In 1959, Henry Luce, chairman of Time, Inc., invited Charles and Ray to design a lobby for Time’s New York City offices in the newly built Time-Life Building. This led to the first Eames design originally conceived primarily for the contract market, a type of usage that requires even more substance and stability than the kinds of designs Charles and Ray had previously produced. Visitors to company lobbies are notoriously hard on furniture. In addition, another consideration opened Charles and Ray’s minds to a new way of designing seating: the furniture for such a lobby should help represent the seriousness of a high-profile workplace filled with “suits.”

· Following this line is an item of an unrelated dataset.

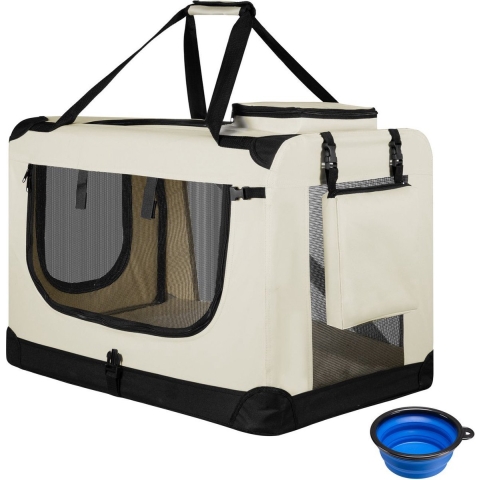 Lassie - Vouwbare Hondentransportbox S - Geschikt voor puppy's en kleine honden - Beige - 34 x 50 x 36 cm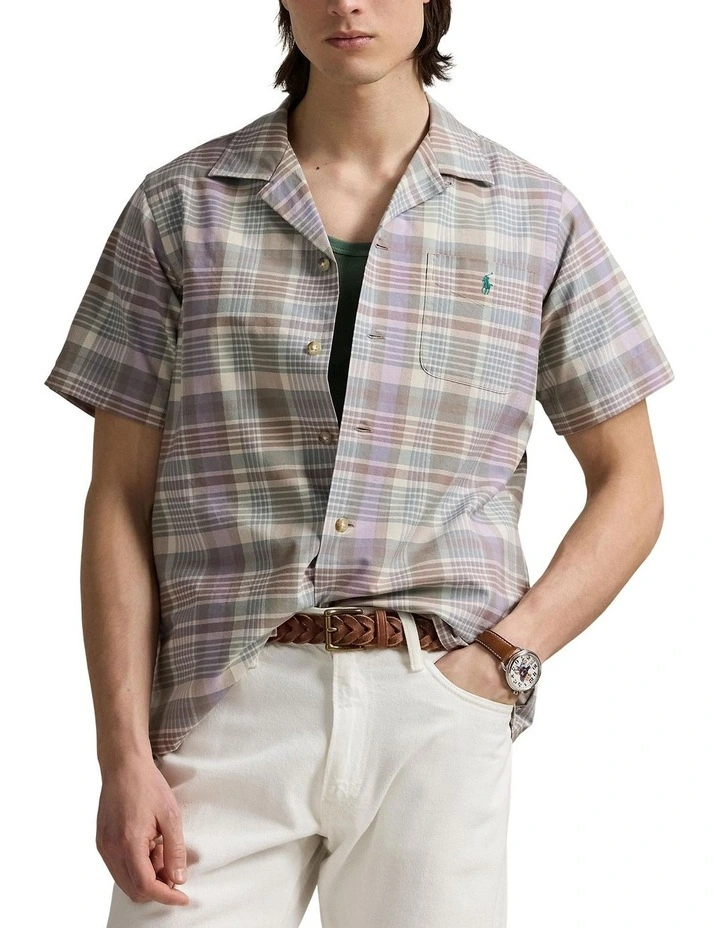 Classic Fit Plaid Oxford Camp Shirt in Multi image 1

Herman Miller presented the Eames Executive chairs this way in one of their early catalogs: “Executive seating combines a light, precision tooled (it’s actually cast aluminum) structural profile with deep-cushioned comfort, projecting an unmistakable image of quality and prestige.”
Charles and Ray Eames had a delimited view of function. They understood that one of the functions of furniture, particularly these pieces, could be to “project an image of quality and prestige.” When working on this design, Charles called legendary Herman Miller founder D. J. DePree, to seek reassurance that there were “old timers” in the factory of Herman Miller, who knew how to do traditional button tufted furniture, the hallmark of high-quality upholstery. The earliest versions of these chairs were not only button tufted on the top of the seat and the seatbacks, but also on the underside and backside!
Seat cushions are supported by body-contoured plywood for excellent back support and overall chair strength. Upholstery-covered buttons at the top and bottom of each cover give added strength to the cushions while maintaining a soft, luxurious appearance. Bright polished aluminum side members provide sculptured-relieved sections for clean design and maximum strength and rounded surfaces with no sharp edges. The Executive model features height adjustment, tilt/swivel mechanism, and choice of casters or glides; a Lounge model is also height adjustable, with choice of swivel or tilt-swivel, and nylon glides. There are many upholstery options, including natural full-grain leather.
As they always tried to do, Charles and Ray with these chairs considered versatility. They are models that serve as lobby chairs, as conference room chairs, even as an executive desk chair, and, as it turns out, even as gaming chairs. In fact, in 1972, the American chess grandmaster, Bobby Fischer, specifically requested one for his match with Russian opponent Boris Spassky. Fischer explained that it was the only chair in which he could really concentrate. Spassky then made the same demand, prompting the tournament’s sponsors to hurriedly acquire a second Eames Executive Chair for the match.